Agreed Return and Effect   EDC agrees that, notwithstanding anything contained in any Equipment
                           Agreement to the contrary, for purposes of calculating and characterizing
                           any claim of EDC, the Pinnacle Entities shall be deemed for all purposes to
                           have returned (the “ Agreed Return ”) to EDC as of the Petition Date each
                           of the items of Q400 Covered Equipment in accordance with the relevant
                           Equipment Agreements.  Neither such deemed return nor the other matters
                           covered by this term sheet shall constitute a default or an event of default
                           under any such Equipment Agreements and shall not give rise to any
                           administrative expense or other claims on account of any Equipment
                           Agreements (including in respect of return conditions) or the Agreed Return
                           in the Pinnacle Entities’ chapter 11 cases or otherwise, all of which shall be
                           expressly waived; provided, however, that EDC shall not waive and
                           accordingly preserves the right to seek administrative expense claims
                           (including with respect to direct and consequential damages) against the
                           Pinnacle Entities in connection with any breach by the Pinnacle Entities of
                           the terms and conditions of this term sheet;    provided, further, that the
                           parties hereby agree that the Pinnacle Entities’ rights to object to any such
                           asserted administrative expense claims (including whether direct and/or
                           consequential damages are appropriate) are fully reserved and preserved.

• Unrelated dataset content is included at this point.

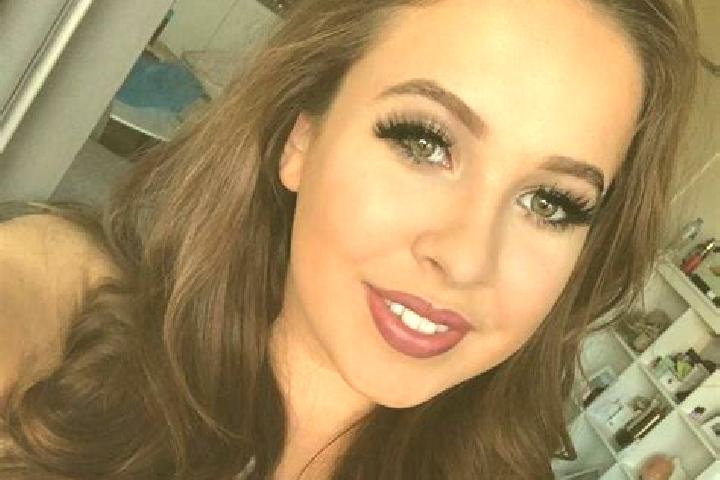 Jade, 21, a auburn brown-eyed mediterranean companion based in Dagestanskiye Ogni. Offering BDSM, Party Girl, Roleplay. Available for incall and outcall, day...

                           If the transactions contemplated hereunder or the defaults (if any) under any
                           of the Equipment Agreements shall constitute defaults (“  EDC Cross
                           Defaults ”) under any other financing arrangements (the “ Other Financing
                           Arrangements ”) between the Pinnacle Entities or any of their affiliates
                           (including Pinnacle Airlines, Inc.), on the one hand, and EDC or any of its
                           affiliates, on the other hand, then the execution of this term sheet by the
                           parties hereto shall constitute a temporary waiver with respect to any such
                           EDC Cross Defaults so long as (a) the Pinnacle Entities are otherwise in
                           substantial compliance with the terms of such other transactions (as may be
                           modified in accordance with the terms thereof but ignoring any provisions
                           thereof related to the insolvency or financial condition of the Pinnacle
                           Entities or their chapter 11 cases) and (b) the Pinnacle Entities are in
                           substantial compliance with the terms and obligations hereof.  Upon (a) all
                           of the Q400 Covered Equipment being transferred to EDC and (b) the
                           Pinnacle Entities otherwise having substantially complied with each of the
                           terms and provisions hereof, such EDC Cross Defaults shall be permanently
                           waived.
                           In addition, the Pinnacle Entities agree that, if and to the extent that they
                           have breached any of the Equipment Agreements prior to the Petition Date
                           (other than with respect to the payment of principal or interest under the
                           Equipment Agreements), then EDC shall have prepetition general unsecured
                           claims against Colgan and, to the extent applicable, PAC on account of any
                           damages related to such breaches.  The parties hereto agree that as of the
                           date hereof EDC has not breached any of the Equipment Agreements.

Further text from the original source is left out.